Lemon Yogurt Moist Cake (Printable version)

A moist, tangy cake featuring bright lemon and creamy yogurt for a fresh, light treat.

# What You Need:

→ Wet Ingredients

01 - 1 cup plain Greek yogurt
02 - 3 large eggs
03 - 1/2 cup vegetable oil
04 - 1 cup granulated sugar
05 - Zest of 2 lemons
06 - 1/4 cup fresh lemon juice
07 - 1 teaspoon vanilla extract

→ Dry Ingredients

08 - 1 1/2 cups all-purpose flour
09 - 2 teaspoons baking powder
10 - 1/4 teaspoon salt

→ Optional Glaze

11 - 1/2 cup powdered sugar
12 - 2 to 3 teaspoons lemon juice

# How to Make It:

01 - Preheat the oven to 350°F. Grease and flour a 9x5-inch loaf pan or line it with parchment paper.
02 - In a blender, combine the Greek yogurt, eggs, vegetable oil, granulated sugar, lemon zest, lemon juice, and vanilla extract.
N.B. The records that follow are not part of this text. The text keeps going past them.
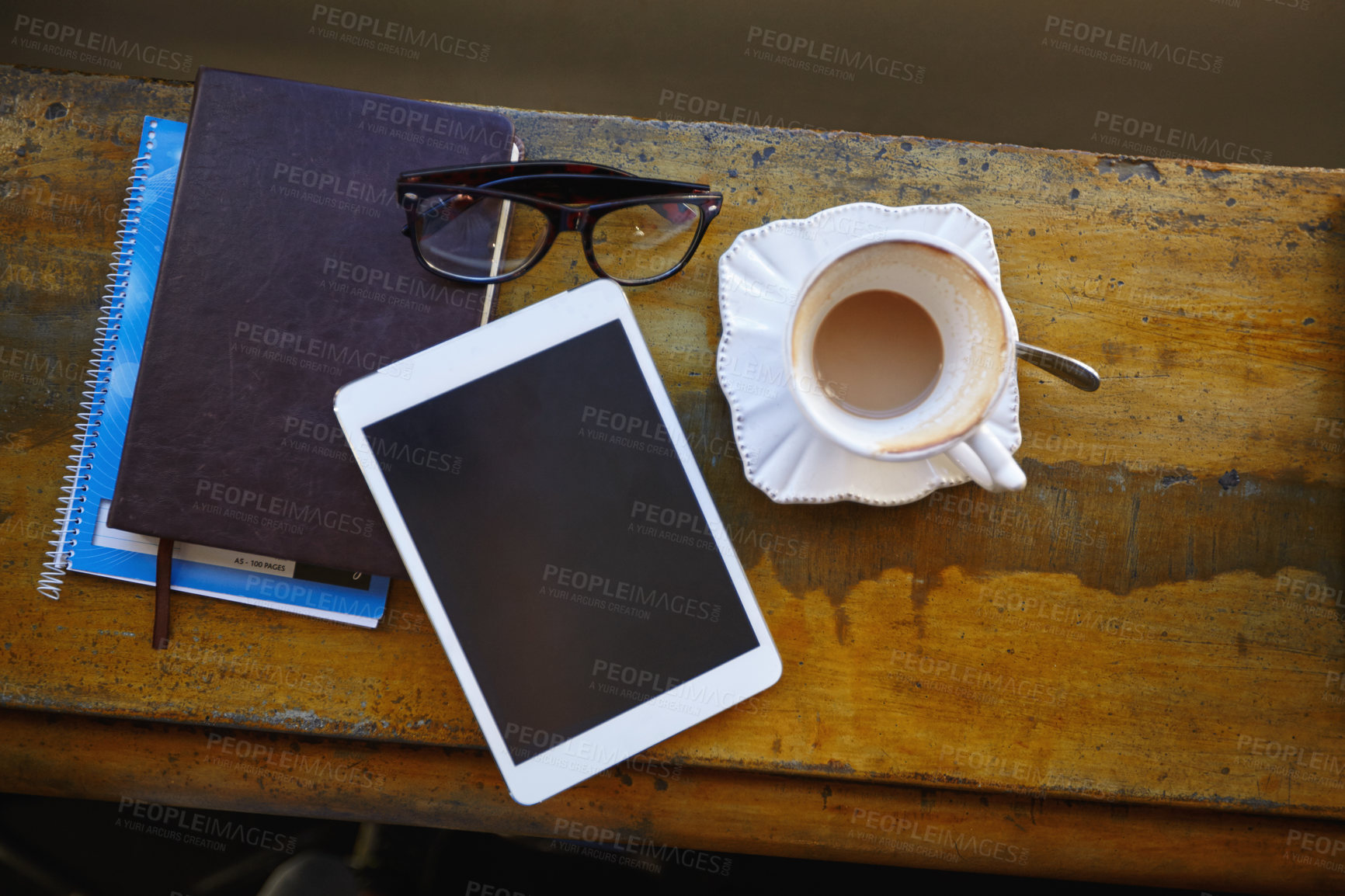 Buy stock photo High angle shot of a tablet, notebooks and coffee cup on a cafe counter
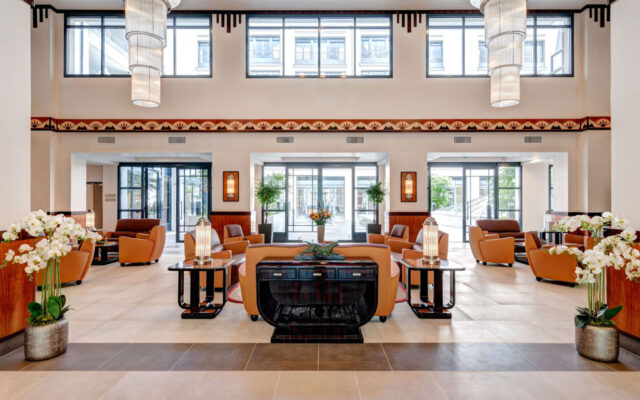 Lobby spacieux et lumineux avec fauteuils en cuir et décoration élégante.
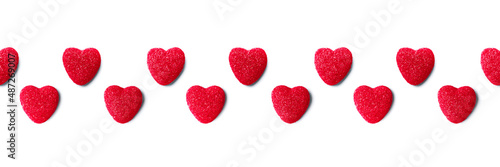 Seamless border from red marmalade hearts isolated on white background. Valentine s Day concept.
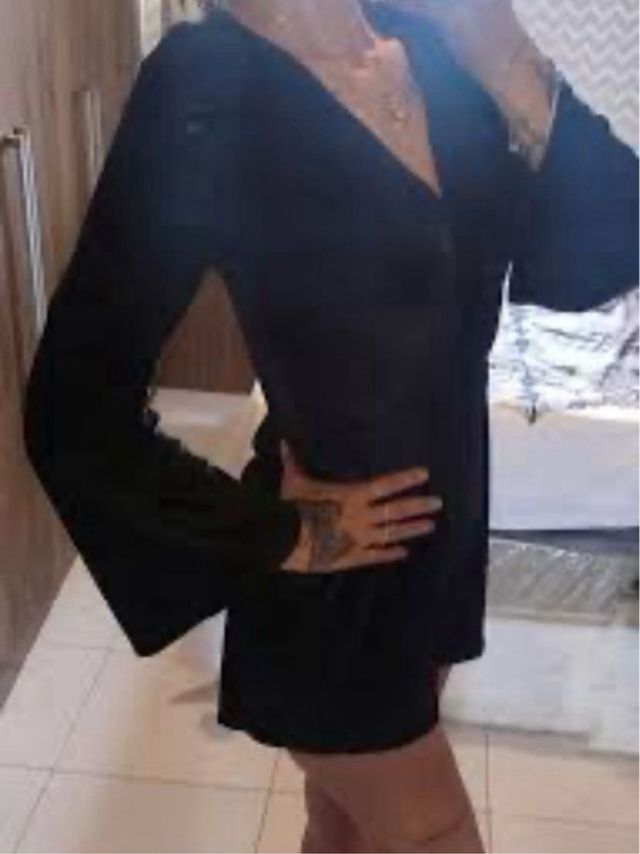 Enterizo negro corto manga larga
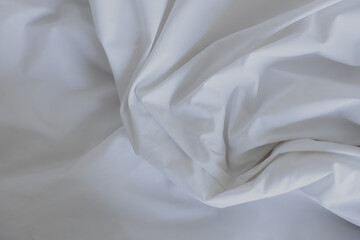 Abstract white fabric background. Elegant and soft material with wavy folds and a smooth texture. Copy space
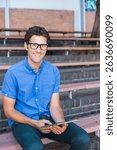 Man wearing black glasses and blue shirt sitting on schoolyard bleachers holding tablet. Outdoor seating, casualwear, educational, technology, leisure, rustic, urban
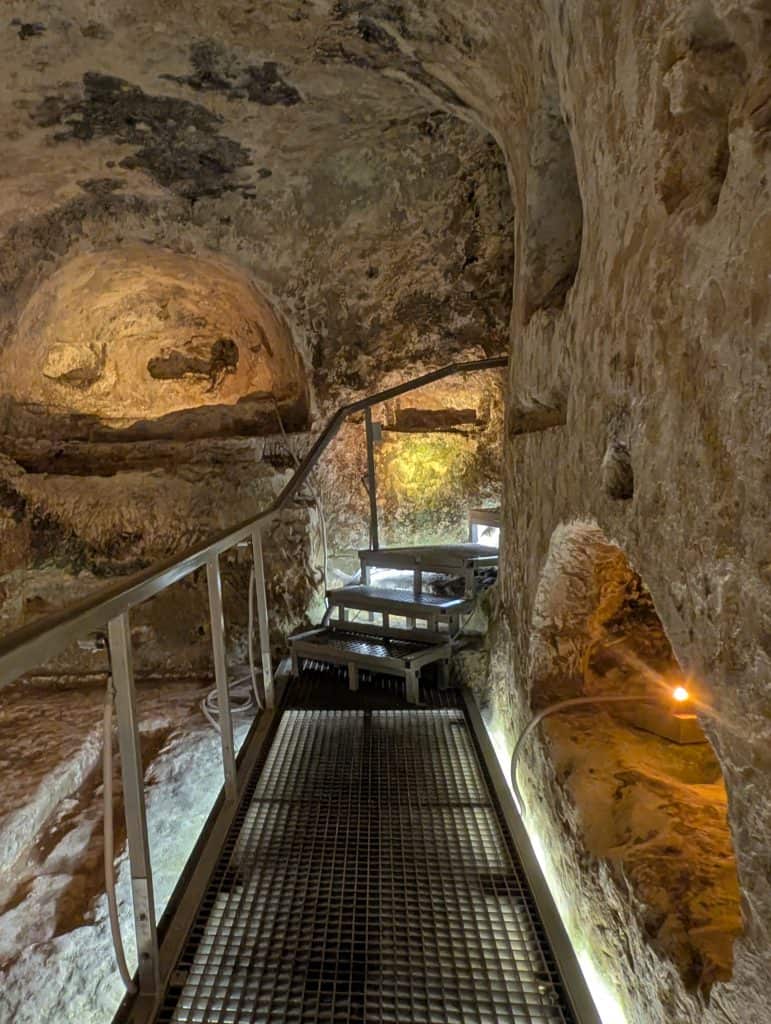 A steel walkway leads through an ancient stone catacomb complex with dark tunnels branching out on either side. The way is lit by lights hidden in the stone. 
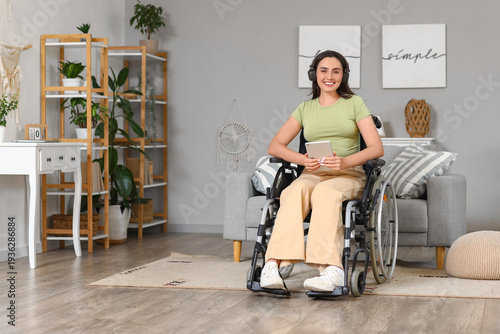 Beautiful young woman in wheelchair with headphones using tablet computer at ...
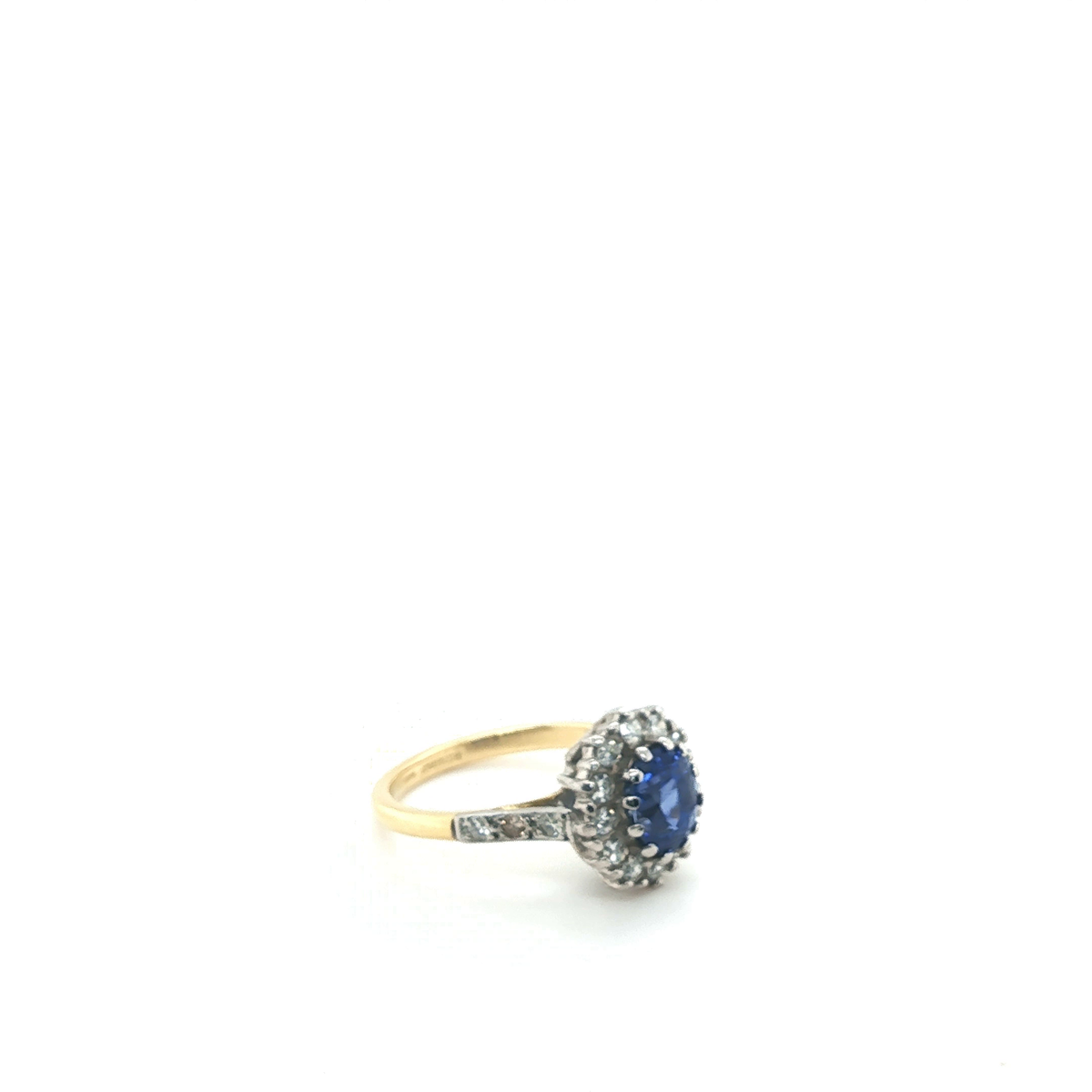 Oval Blue Sapphire and Diamond Cluster Halo Ring in Yellow Gold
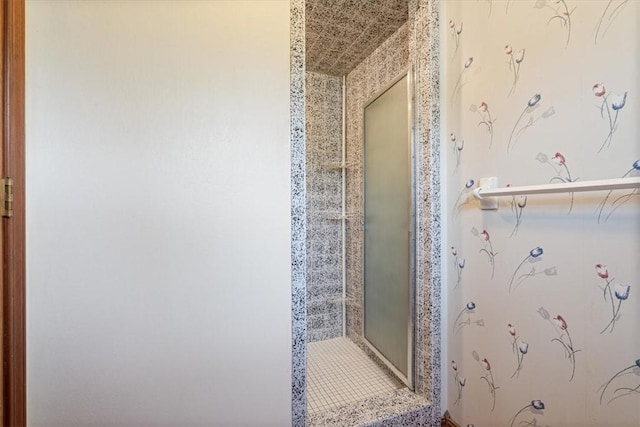 bathroom featuring a stall shower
Blend until smooth, approximately 30 seconds.
03 - Add all-purpose flour, baking powder, and salt to the blender. Pulse just until the mixture is combined, taking care not to overmix.
04 - Pour the batter into the prepared loaf pan and smooth the surface evenly.
05 - Bake for 35 to 40 minutes, or until a toothpick inserted into the center emerges clean.
06 - Allow the cake to cool in the pan for 10 minutes before transferring it to a wire rack to cool completely.
07 - Whisk powdered sugar with lemon juice until smooth. Drizzle the glaze over the cooled loaf just prior to serving.

# Expert Advice:

01 -
  • It comes together in a blender, so there's almost no mixing bowl to clean afterward.
  • The yogurt keeps it incredibly moist for days, making it perfect for meal prep or unexpected guests.
  • That tangy-sweet lemon balance tastes far more complex than the simple ingredient list suggests.
02 -
  • Don't open the oven door before 30 minutes have passed, or the cake might collapse and bake unevenly.
  • If your lemon juice is too concentrated or acidic tasting straight from the bottle, add it slowly and taste the batter to avoid making it too tart.
  • The cake tastes even better the next day when the flavors have settled and the crumb becomes even more tender.
03 -
  • Room temperature ingredients blend more smoothly and incorporate air better, so pull your eggs and yogurt out of the fridge about 30 minutes before baking.
  • A box grater with multiple hole sizes works beautifully for zest, and the small holes catch the fragrant outer layer without biting into the white pith.